FLAIR: Frequency- and Locality-Aware Implicit Neural Representations

arXiv 2025

Sukhun Ko Chung-Ang University Dahyeon Kye Chung-Ang University Kyle Min Intel Labs Chanho Eom Chung-Ang University Jihyong Oh Chung-Ang University

Chung-Ang University Chung-Ang University, South Korea Creative Vision and Multimedia Lab Creative Vision and Multimedia Lab Intel Labs Intel Labs, USA

{looloo330, rpekgus, cheom, jihyongoh}@cau.ac.kr,   kyle.min@intel.com

Paper Paper Code Code

TL;DR: We introduce FLAIR, combining novel RC-GAUSS and Wavelet-Energy-Guided Encoding (WEGE) to achieve frequency selectivity and spatial localization, effectively reducing spectral bias in implicit neural representations.

Abstract

RC-GAUSS Diagram

Implicit Neural Representations (INRs) leverage neural networks to map coordinates to corresponding signals, enabling continuous and compact representations. This paradigm has driven significant advances in various vision tasks.
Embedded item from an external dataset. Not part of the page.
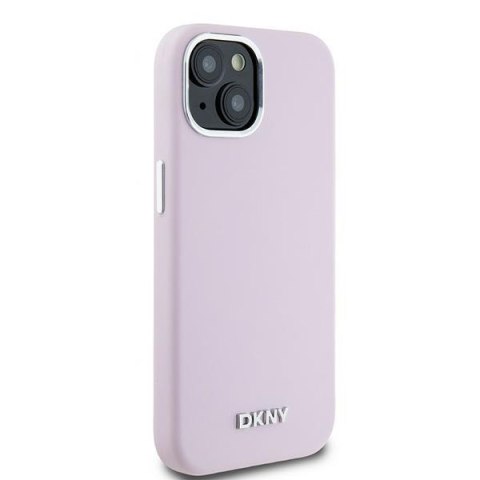 DKNY DKHMP15SSMCHLP iPhone 15 / 14 / 136.1" różowy/pink hardcase Liquid Silicone Small Metal Logo MagSafe
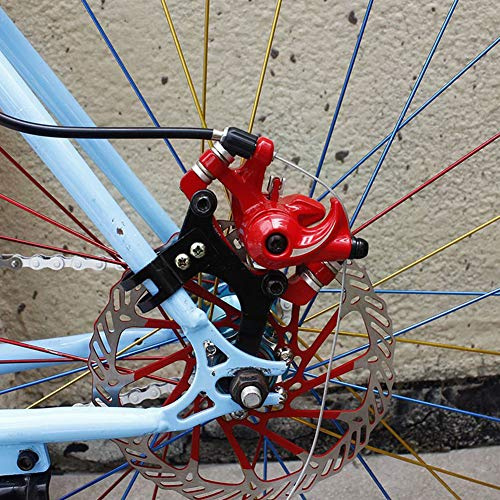 Fahrräder und Zubehör, Schwarze Scheibenbremsen-Halterung, Scheibenbremsen-Modifikation, Original-Fahrräder für Fahrrad-Scheibenbremsen, Fahrrad-Scheibenbremsen-Halterung (20)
However, existing INRs lack frequency selectivity, spatial localization, and sparse representations, leading to an over-reliance on redundant signal components. Consequently, they exhibit spectral bias, tending to learn low-frequency components early while struggling to capture fine high-frequency details.

To address these issues, we propose FLAIR (Frequency- and Locality-Aware Implicit Neural Representations), which incorporates two key innovations. The first is RC-GAUSS, a novel activation designed for explicit frequency selection and spatial localization under the constraints of the time-frequency uncertainty principle (TFUP). The second is Wavelet-Energy-Guided Encoding (WEGE), which leverages the discrete wavelet transform (DWT) to compute energy scores and explicitly guide frequency information to the network.
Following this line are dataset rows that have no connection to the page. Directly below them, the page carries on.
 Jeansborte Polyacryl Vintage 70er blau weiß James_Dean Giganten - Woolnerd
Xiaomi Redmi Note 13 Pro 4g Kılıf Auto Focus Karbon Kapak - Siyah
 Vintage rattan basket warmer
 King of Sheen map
Our method consistently outperforms existing INRs in 2D image representation and restoration, as well as 3D reconstruction.

Demo

Super-Resolution

LR input SR output
Input
FLAIR

Upscaling factor: ×4

Denoising

Noisy input Denoised output
Input
FLAIR

Noise: Poisson(30.0) & Gaussian(2.0)

Image Fitting

2D Image Fitting

The image fitting task aims to learn a 2D function mapping pixel coordinates to RGB values, minimizing the L2 distance between predictions and ground truth. Visualization results are shown for a 512×512 DIV2K image. FLAIR demonstrates the most fine-grained and detailed reconstruction capability, with quantitative results reported in the order PSNR (dB) ↑ / SSIM ↑ / LPIPS ↓, showing that it achieves state-of-the-art performance across all metrics.

Method

Overall Architecture

FLAIR’s overall architecture (a) comprises the proposed nonlinear function RC-GAUSS (b) and the Wavelet-Energy-Guided Encoding (WEGE) module (c).

Module Details

The first is RC-GAUSS (b), a novel activation designed for explicit frequency selection and spatial localization under the constraints of the time-frequency uncertainty principle (TFUP). It integrates the raised cosine (RC) function to achieve band-limited frequency selectivity (red box). While the RC provides clear frequency discrimination, it also suffers from infinite oscillations inherent to band-limited functions. These oscillations are effectively attenuated by multiplying the RC with a Gaussian envelope, enabling stable time localization (blue box).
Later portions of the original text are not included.